Cryptocurrency has a relatively short history, as Bitcoin (BTC), the first decentralized digital coin, was only released in 2009. Within a decade, however, this medium of exchange has grown tremendously. Tens of thousands of cryptocurrencies have been released after BTC, and these digital coins are now considered to be a regular component of a well-balanced portfolio.
In fact, the demand for cryptocurrencies has grown considerably lately. According to a 2021 CNBC survey, 1 in 10 people have invested in cryptocurrency, and 65% of the respondents have gotten into this asset class just last year.
If you’re interested in trading cryptocurrency or investing in it to build your source of passive income, you’re not alone. Still, it’s important to do your research first before you commit a portion of your resources to buying and selling cryptocurrencies. Here are some of the pointers you should remember when trading in digital coins.
Before Making an Investment
It’s important to be fully aware of the risks and rewards of trading in cryptocurrencies before you get started. Compared to stocks and other types of assets, trading in digital coins is considered riskier, yet it also comes with greater rewards. Also, cryptocurrencies occupy a gray area in terms of asset classification, as it’s still fairly new to the scene and the laws in some places have not quite kept up with the technological advances in the financial sector. You need to determine how these assets are considered in your area so that you know how much you have to pay in taxes, if any.
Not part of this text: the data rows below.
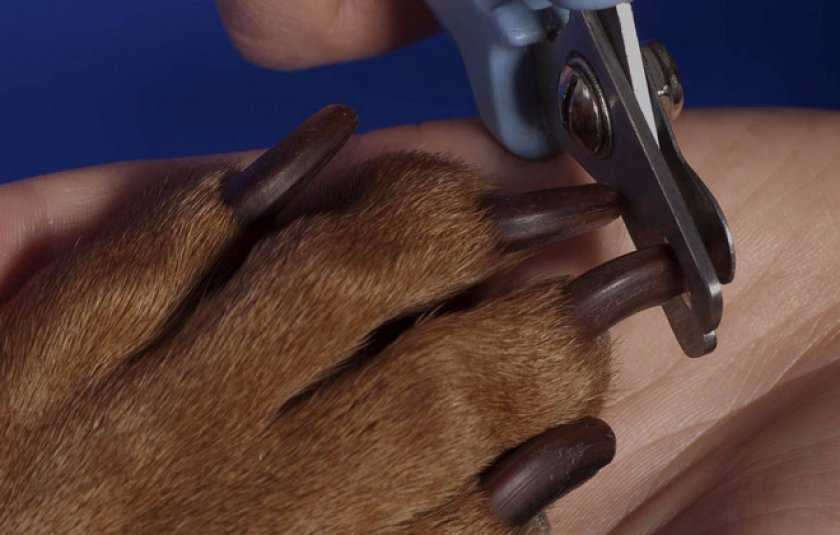 Ветеринарный врач: как правильно стричь когти собаке?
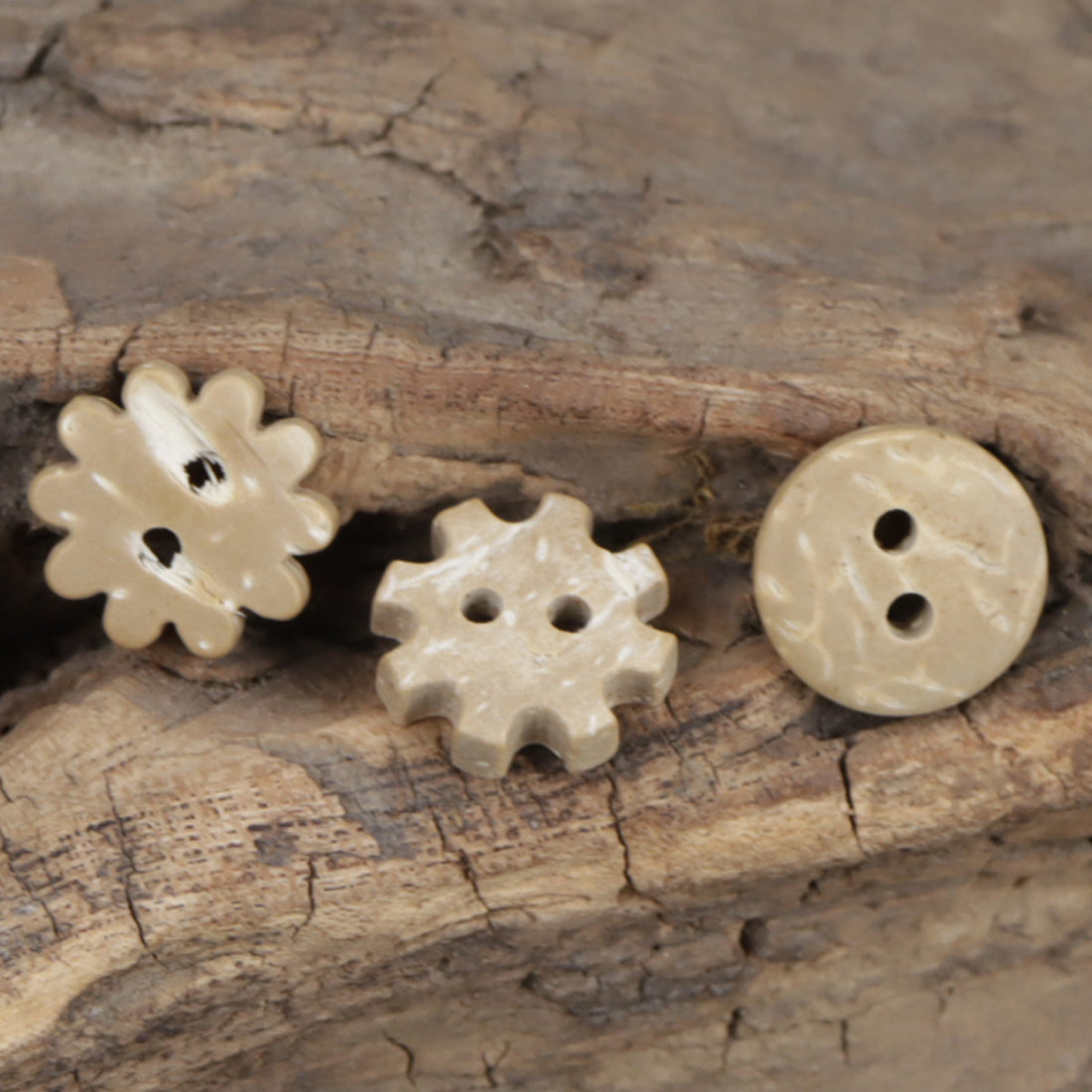 Sunflower Gear Bread Shaped 2 Hole Coconut Shell Buttons 60 Pack - Lots of Buttons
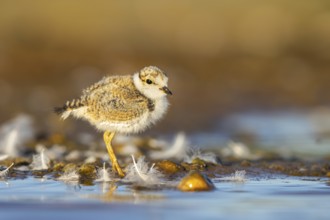 Little Ringed Plover (Charadrius dubius) chick, North Rhine-Westphalia, Germany
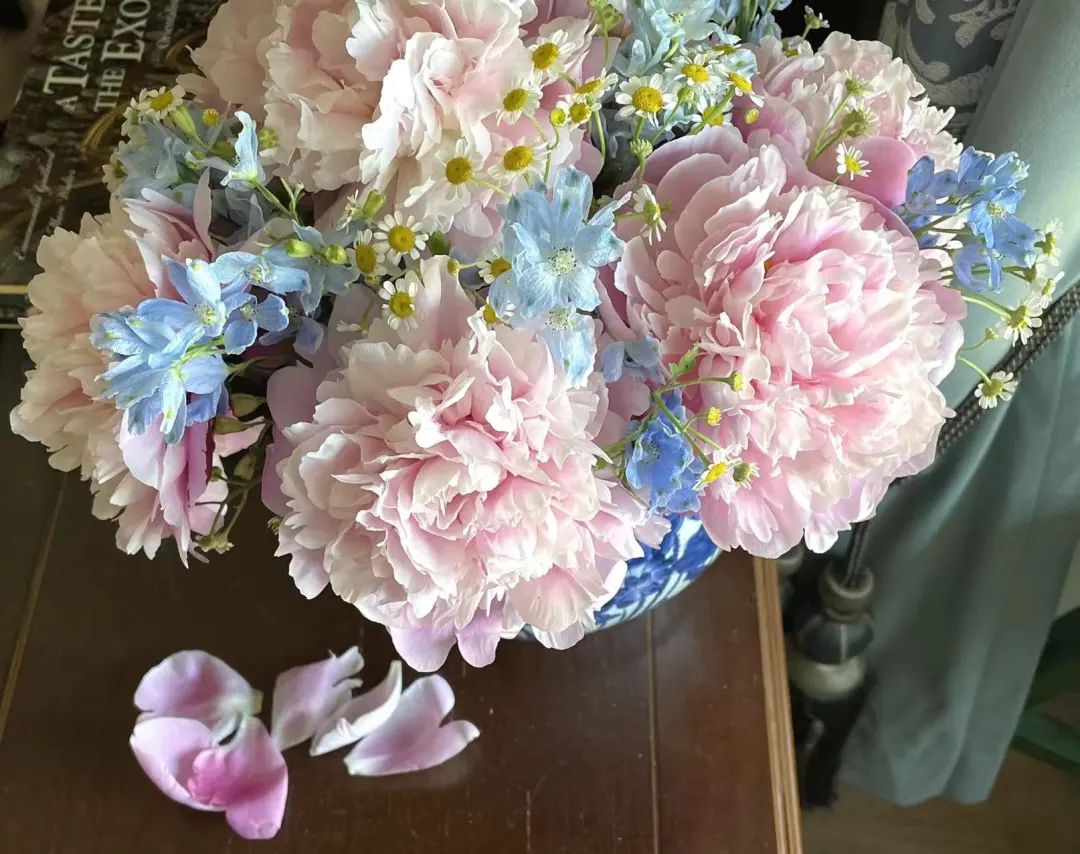 蝴蝶兰适合什么情况送,蝴蝶兰送礼一对还是一盆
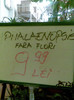 Mr Bricolage, 29.11.2011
Next, choose the currency you want to invest in. Study your options and choose the coin that piques your interest or shows much promise as an investment. Then, set how much money you want to spend on trading.
Before buying coins, you also need to have the right tools. If you’re buying and selling Monero (XMR), for example, you need to have a Monero wallet where you can store the coins you buy. Aside from this, you should also familiarize yourself with exchanges that specifically deal with cryptocurrencies. Functioning like the NYSE or ASX, these exchanges—which can come in the form of an application or a website—enable you to buy or sell digital coins.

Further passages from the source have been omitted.